This is it folks – the end of the line! 2011 and it’s best and worse films have finished for the year, but that doesn’t mean we can’t keep the tradition going! How about taking another gander at a previous top pick for best film in 2010…welcome to Forgotten Friday Flick! We’re ringing in the end of the year with a look back at a masterful thriller about a mother willing to go to any (and I do mean ANY!) lengths to keep her son out of harms way. A murder, a mystery and mom is on the case! It’s my 2010 #1 movie pick - Bong Joon-ho’s five-star film..."Mother."
Hye-ja is like most moms – she constantly worries about her sweet son Do-joon. Shy and with an intellectual disability, the trusting Do-joon is a source of great concern and attention for the hard working widow. So when a local high school girl is found dead and circumstantial evidence places Do-joon at the crime scene, the doting mother finds herself now caring for her boy again – only this time it’s to save his very life. She tries to plead to his defense attorney, the police and anyone who will listen that she believes her simple son innocent. But no hope in sight, she takes off to investigate - herself.
It’s at this point where the concerned parent plot takes a dark turn and where Mother gets even better. There’s so much at play within the film’s dim corridors; sex, violence, torture and even a pinch of cold-blooded killing. But an uplifting and hopeful side beautifully balances it out as well and the duality of these opposites is where Bong Joon-ho and his work come to life. In his previous film "The Host," he mixed the elements of an old school monster picture with the dynamic of a dysfunctional family to terrific results. But with "Mother" there’s such a grace mixed with the mayhem that it’s like being on an emotional rollercoaster – and it’s one ride worth taking.
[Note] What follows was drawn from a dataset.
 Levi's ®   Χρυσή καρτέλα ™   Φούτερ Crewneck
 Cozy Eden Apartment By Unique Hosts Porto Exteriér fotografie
As the lead momma, veteran Korean actress Kim Hye-ja gives one subtle and riveting performance. It could have been easy to take this part way over the top, but the wise Hye-ja underplays the joy and sorrow, all the while portraying a woman with a singular focus to protect her son at all costs – it’s amazing work.
Some will never see "Mother" due to it’s Korean language, but I say remakes be damned. There’s a reason they lift stories from these films – they’re that damn good! And "Mother" is a classic example of what a nuanced filmmaker can do with a story that’s simple, led by an actress who isn’t. Pamela Voorhees and Joan Crawford be damned – this mean "Mother" has got your back.